**Assignment**
Among the lines below, a stretch begins at the one with "So if you like" and ends at the one with "There are certain". Repeat that stretch exactly, ends included.

**Data for the task**
_ _ _

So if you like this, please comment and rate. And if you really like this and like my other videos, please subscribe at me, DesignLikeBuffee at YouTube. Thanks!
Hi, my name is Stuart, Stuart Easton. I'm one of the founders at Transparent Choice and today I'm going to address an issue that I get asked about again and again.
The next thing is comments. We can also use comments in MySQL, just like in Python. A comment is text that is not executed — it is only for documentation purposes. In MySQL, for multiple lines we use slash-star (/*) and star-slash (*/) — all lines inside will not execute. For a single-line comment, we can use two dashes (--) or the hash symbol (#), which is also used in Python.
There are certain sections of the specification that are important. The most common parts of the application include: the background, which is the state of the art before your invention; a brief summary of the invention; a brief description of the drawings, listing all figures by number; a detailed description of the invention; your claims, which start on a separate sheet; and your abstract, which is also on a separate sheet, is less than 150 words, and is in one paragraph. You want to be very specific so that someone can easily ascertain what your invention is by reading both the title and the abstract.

_ _ _

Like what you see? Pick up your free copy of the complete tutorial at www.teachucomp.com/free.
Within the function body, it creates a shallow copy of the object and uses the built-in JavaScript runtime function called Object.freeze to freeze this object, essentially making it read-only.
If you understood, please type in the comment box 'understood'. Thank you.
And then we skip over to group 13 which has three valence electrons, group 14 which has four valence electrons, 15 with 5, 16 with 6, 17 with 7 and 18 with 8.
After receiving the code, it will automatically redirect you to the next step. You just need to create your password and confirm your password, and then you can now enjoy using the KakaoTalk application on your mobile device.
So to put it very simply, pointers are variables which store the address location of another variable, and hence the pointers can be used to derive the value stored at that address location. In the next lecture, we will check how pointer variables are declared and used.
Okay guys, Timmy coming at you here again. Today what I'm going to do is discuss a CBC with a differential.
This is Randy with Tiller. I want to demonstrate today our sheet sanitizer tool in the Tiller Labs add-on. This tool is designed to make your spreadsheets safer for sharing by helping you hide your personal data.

_ _ _

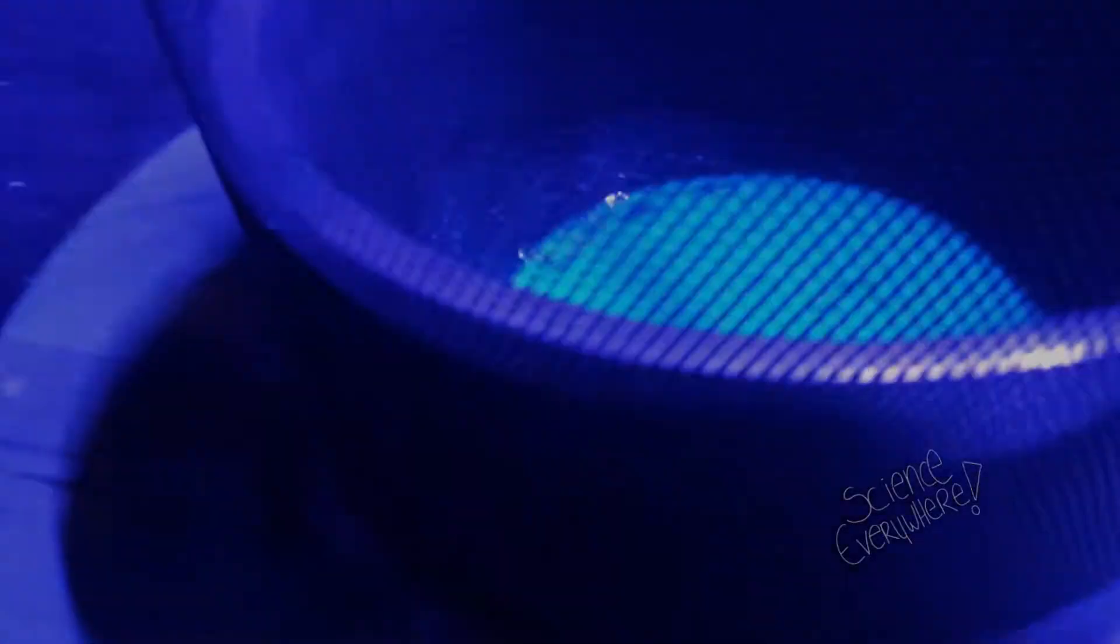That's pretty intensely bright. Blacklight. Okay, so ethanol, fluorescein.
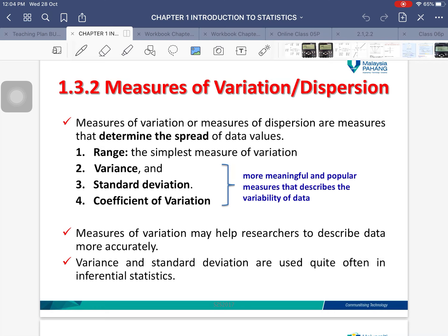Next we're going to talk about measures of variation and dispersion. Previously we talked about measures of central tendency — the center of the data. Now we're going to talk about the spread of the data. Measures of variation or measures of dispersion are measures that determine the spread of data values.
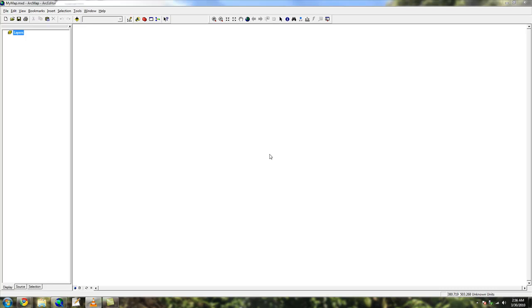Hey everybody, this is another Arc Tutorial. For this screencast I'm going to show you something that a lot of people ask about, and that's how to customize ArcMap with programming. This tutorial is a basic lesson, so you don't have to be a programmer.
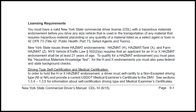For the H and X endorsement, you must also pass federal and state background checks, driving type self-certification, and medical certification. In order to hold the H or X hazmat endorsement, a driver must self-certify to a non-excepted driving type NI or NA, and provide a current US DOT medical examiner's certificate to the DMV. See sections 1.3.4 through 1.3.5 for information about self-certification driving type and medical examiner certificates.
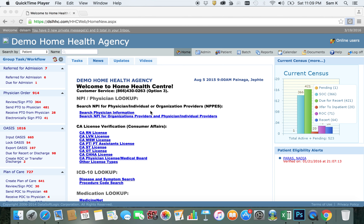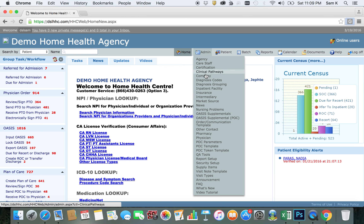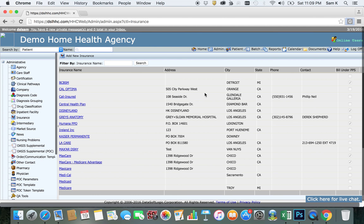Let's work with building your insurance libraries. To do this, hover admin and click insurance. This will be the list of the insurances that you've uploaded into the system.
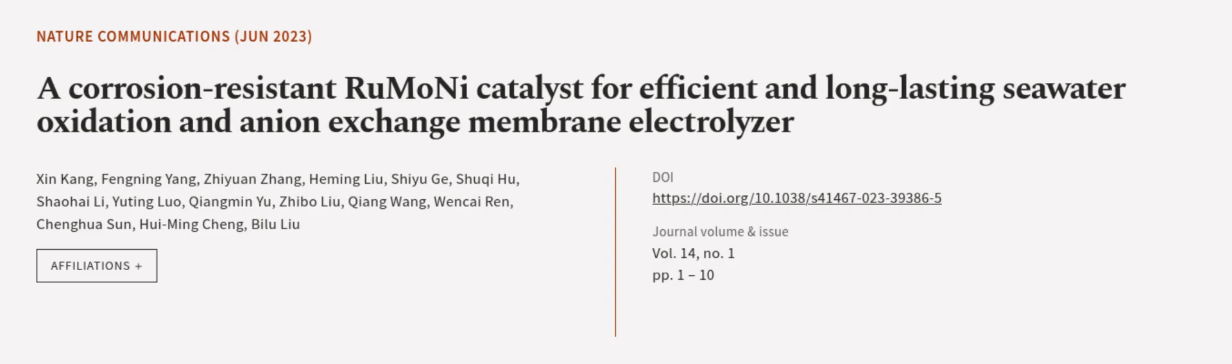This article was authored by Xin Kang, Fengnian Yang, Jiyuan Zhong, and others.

_ _ _

**Task answer**
So if you like this, please comment and rate. And if you really like this and like my other videos, please subscribe at me, DesignLikeBuffee at YouTube. Thanks!
Hi, my name is Stuart, Stuart Easton. I'm one of the founders at Transparent Choice and today I'm going to address an issue that I get asked about again and again.
The next thing is comments. We can also use comments in MySQL, just like in Python. A comment is text that is not executed — it is only for documentation purposes. In MySQL, for multiple lines we use slash-star (/*) and star-slash (*/) — all lines inside will not execute. For a single-line comment, we can use two dashes (--) or the hash symbol (#), which is also used in Python.
There are certain sections of the specification that are important. The most common parts of the application include: the background, which is the state of the art before your invention; a brief summary of the invention; a brief description of the drawings, listing all figures by number; a detailed description of the invention; your claims, which start on a separate sheet; and your abstract, which is also on a separate sheet, is less than 150 words, and is in one paragraph. You want to be very specific so that someone can easily ascertain what your invention is by reading both the title and the abstract.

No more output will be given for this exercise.